Network pharmacology and molecular docking investigation of Curcuma xanthorrhiza Roxb. rhizome with the mechanisms underlying as the potential drug of eczema treatment.
Yusuf Alif Pratama, Honey Dzikri Marhaeny, Sulistyanengci Winarto, Igansius Agyo Palmado, Muhammad Hermawan Widyananda, Mahardian Rahmadi, Muhammad Taher, Ahmed Abdallah Hasan, Burkhard Kleuser, Junaidi Khotib
Abstract
Open AccessA chronic inflammatory dermatosis, eczema, affects more than 12% of the pediatric population and 7.2% of adults. Clinically, it presents with erythematous, scaly, and intensely pruritic lesions. Severe forms of the disease frequently exhibit poor responsiveness to treatments aimed at a single inflammatory pathway. Curcuma xanthorrhiza Roxb. rhizomes possess antioxidant, anti-inflammatory, and anti-allergic activities through a multi-target mechanism. This study aimed to evaluate the secondary metabolites of C. xanthorrhiza Roxb. rhizomes that can be developed into eczema drugs using virtual screening in silico. Secondary metabolite compounds from C. xanthorrhiza rhizomes were evaluated for their drug-likeness properties Subsequently, the similarity of their physicochemical properties was assessed using the principal component analysis. A target search of drug candidates was performed using the Swiss Target Prediction and Gene Expression Omnibus (GEO) Omnibus. Docking was performed using Molegro by comparing the rerank scores of the drug candidates with those of the original ligands.
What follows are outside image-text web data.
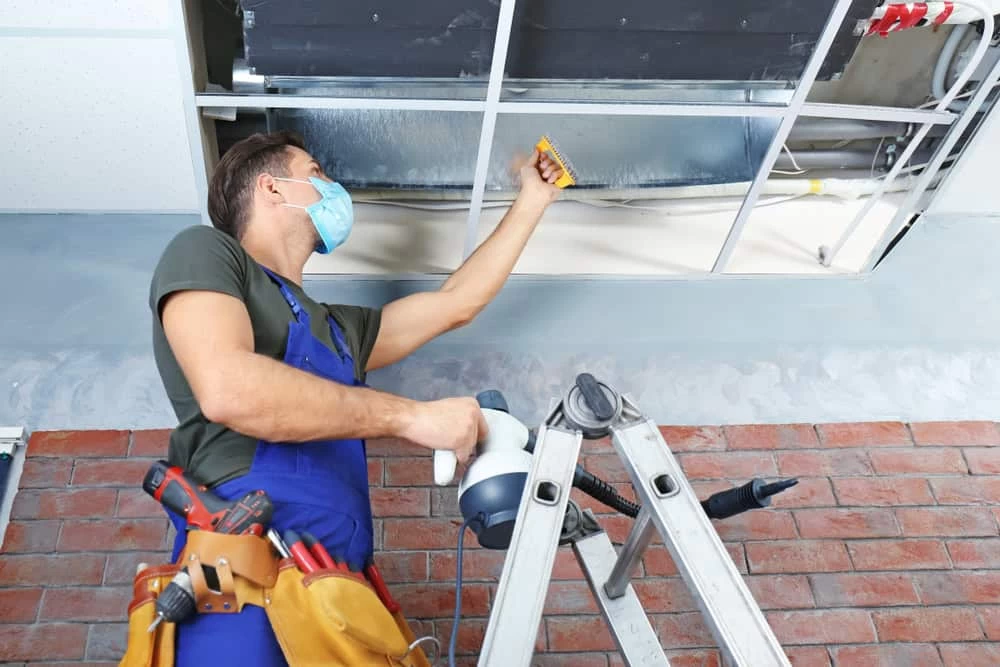 A maintenance worker wearing a mask and tool belt stands on a ladder, inspecting and repairing exposed ductwork in a ceiling&mdash;ideal for air duct services New Jersey or dryer vent cleaning New Jersey.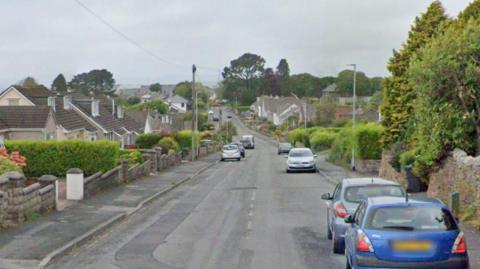 A view down the lane. It is a residential street with cars parked on either side of the roads. 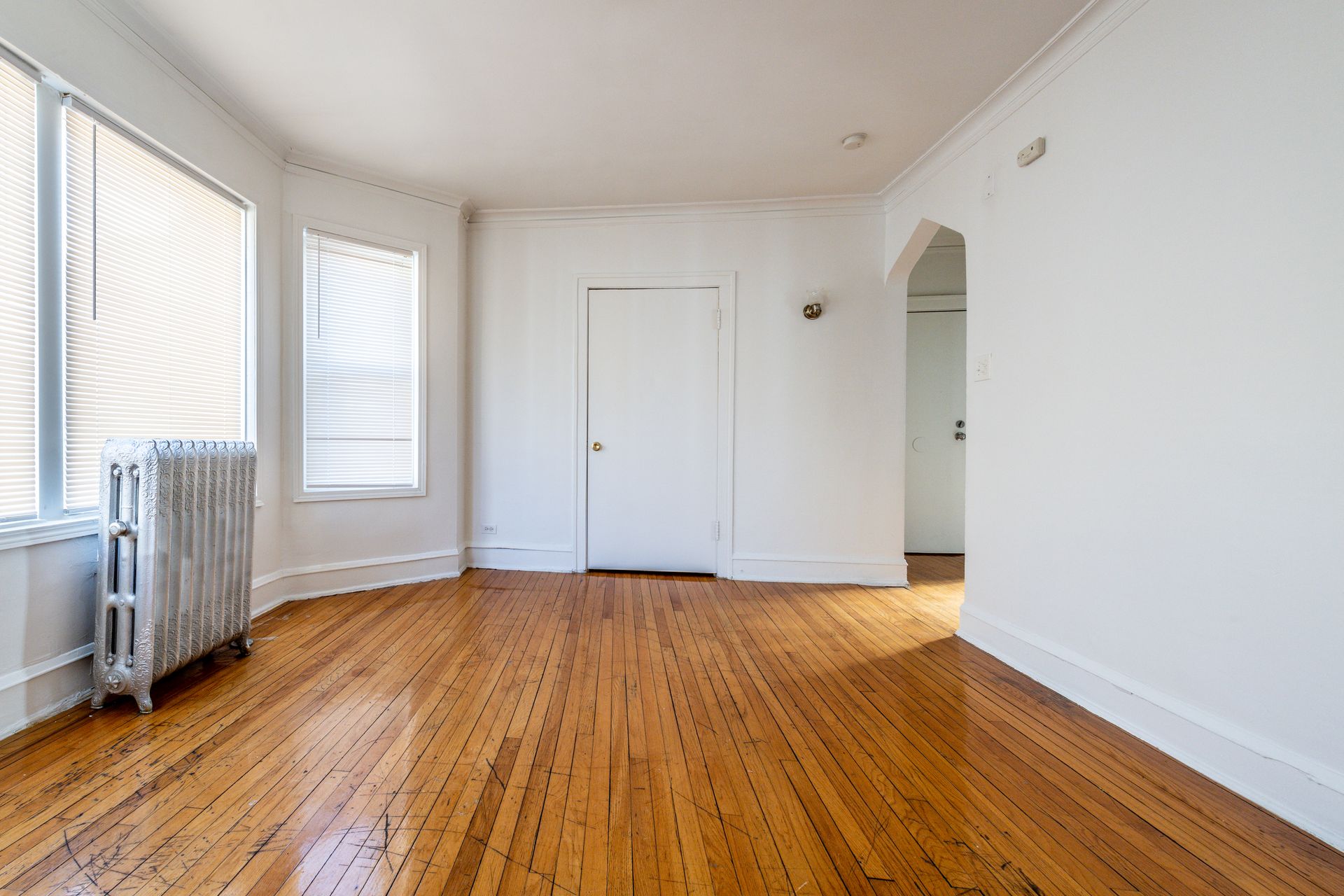 Empty room with hardwood floors, white walls, large windows, radiator, and arched doorway.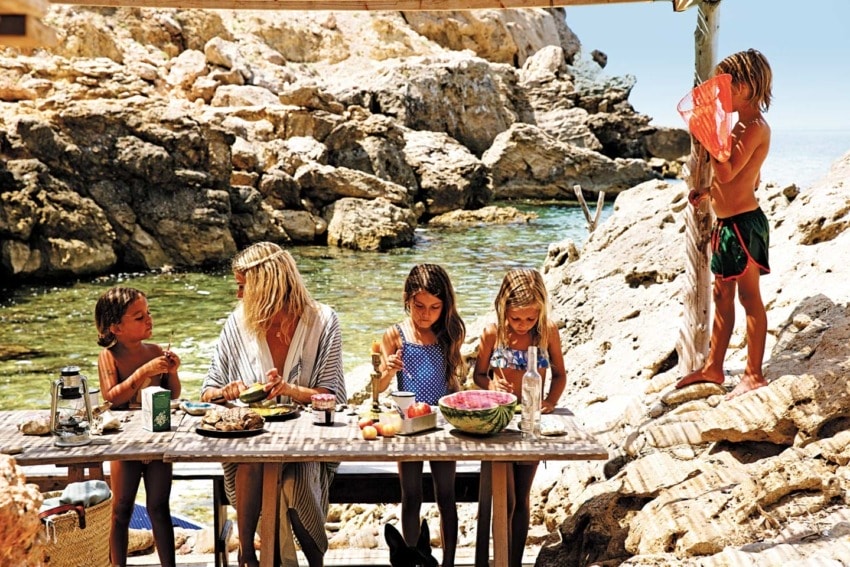 Family eating together at a picnic table near rocky shore, with a child holding a net standing on rocks nearby.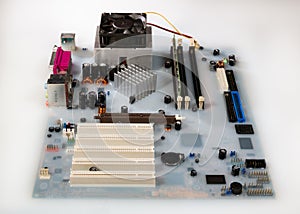 Mainboard card computer flooded by white colored water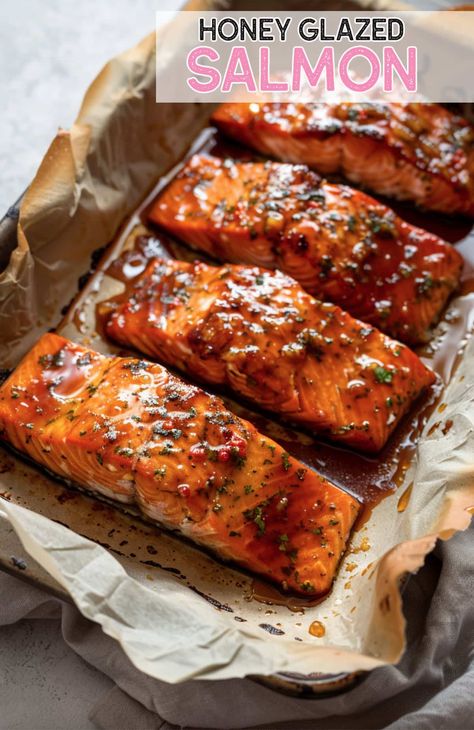 Get restaurant-quality honey glazed salmon at home! This recipe delivers tender, flavorful fish every time Cherry Chipotle Glazed Salmon, Honey Glaze Salmon Recipes, Honey Glaze For Salmon, Salmon Glaze Recipes Honey, Honey Roasted Salmon, Sweet Glazed Salmon, Steak Salmon Recipes, Baked Glazed Salmon, Oven Cooked Salmon Recipes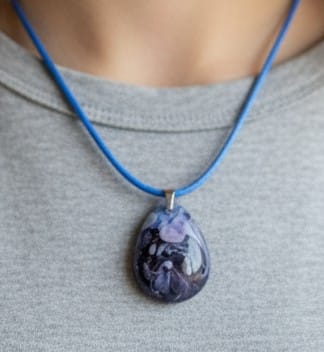 3 resin pendants designed with a petri dish effect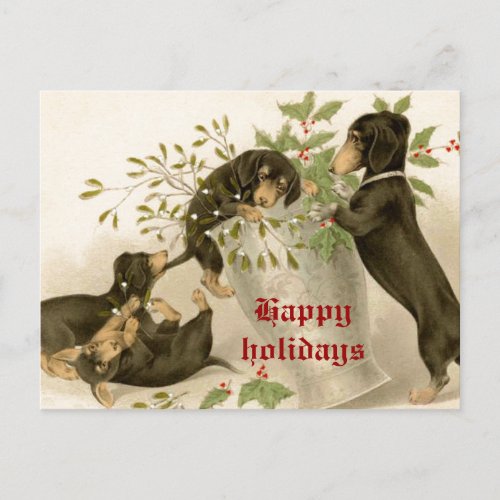 Dogs playing with Christmas mistletoe  holy berry Holiday Postcard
Absorption, distribution, metabolism, excretion, and toxicity (ADMET) prediction was performed using the pkCSM. Carbonic anhydrase II, epidermal growth factor receptor, and the mammalian target of rapamycin came as the protein target for eczema disease. For the docking result, demethoxycurcumin (C00037023), 1,5-dihydroxy-1,7-bis (4-hydroxy-3-methoxyphenyl)-4,6-heptadien-3-one (C00055412), 1,7-bis (4-hydroxy-3-methoxyphenyl)-3,5-heptanediol (C00055175), and 3'-demethoxycyclocurcumin (C00054761) had both better rerank score than the native ligand and good ADMET profiles. Four compounds derived from C. xanthorrhiza Roxb. rhizomes can be developed as an eczema potential treatment.